= TASK STATEMENT =
Having located the line with "Property Photo: 57816", print it and each remaining line exactly, stopping at the end of the material and omitting pictures.

*** DATA BLOCK

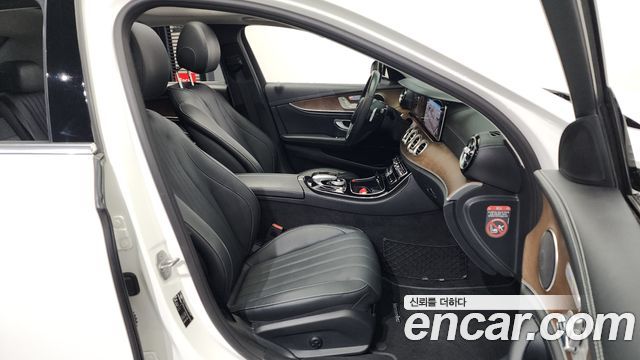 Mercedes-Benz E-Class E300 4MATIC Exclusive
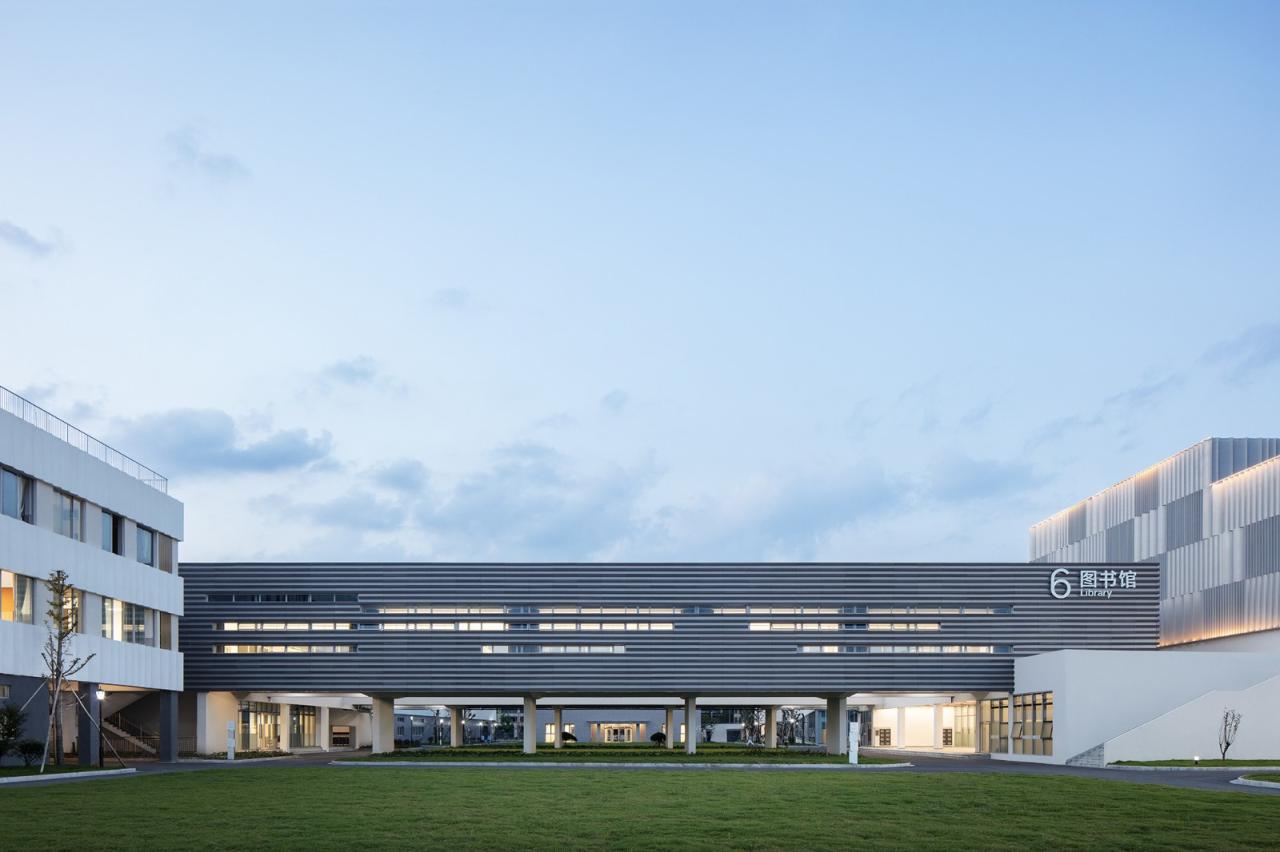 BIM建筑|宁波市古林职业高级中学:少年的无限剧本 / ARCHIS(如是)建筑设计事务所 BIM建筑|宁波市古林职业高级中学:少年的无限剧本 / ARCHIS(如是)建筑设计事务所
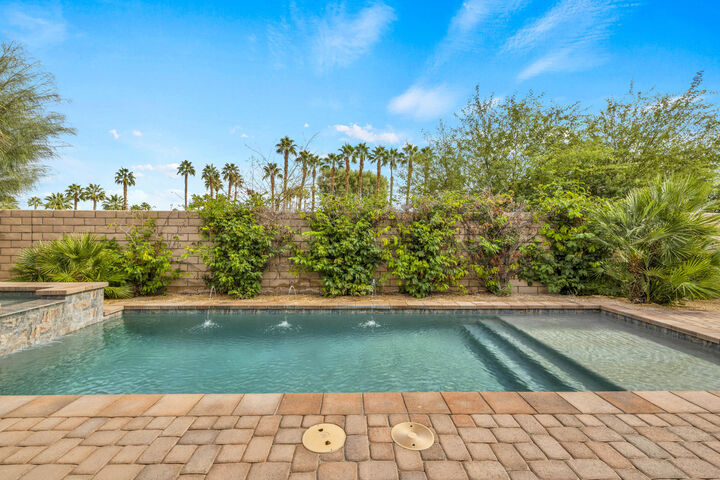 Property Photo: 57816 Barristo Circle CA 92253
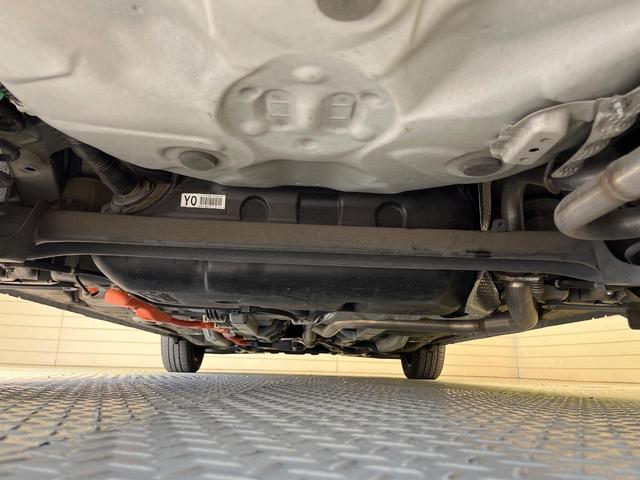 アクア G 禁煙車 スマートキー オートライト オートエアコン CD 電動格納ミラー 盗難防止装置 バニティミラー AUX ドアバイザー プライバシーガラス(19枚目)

******

= SOLUTION =
 Property Photo: 57816 Barristo Circle CA 92253
 アクア G 禁煙車 スマートキー オートライト オートエアコン CD 電動格納ミラー 盗難防止装置 バニティミラー AUX ドアバイザー プライバシーガラス(19枚目)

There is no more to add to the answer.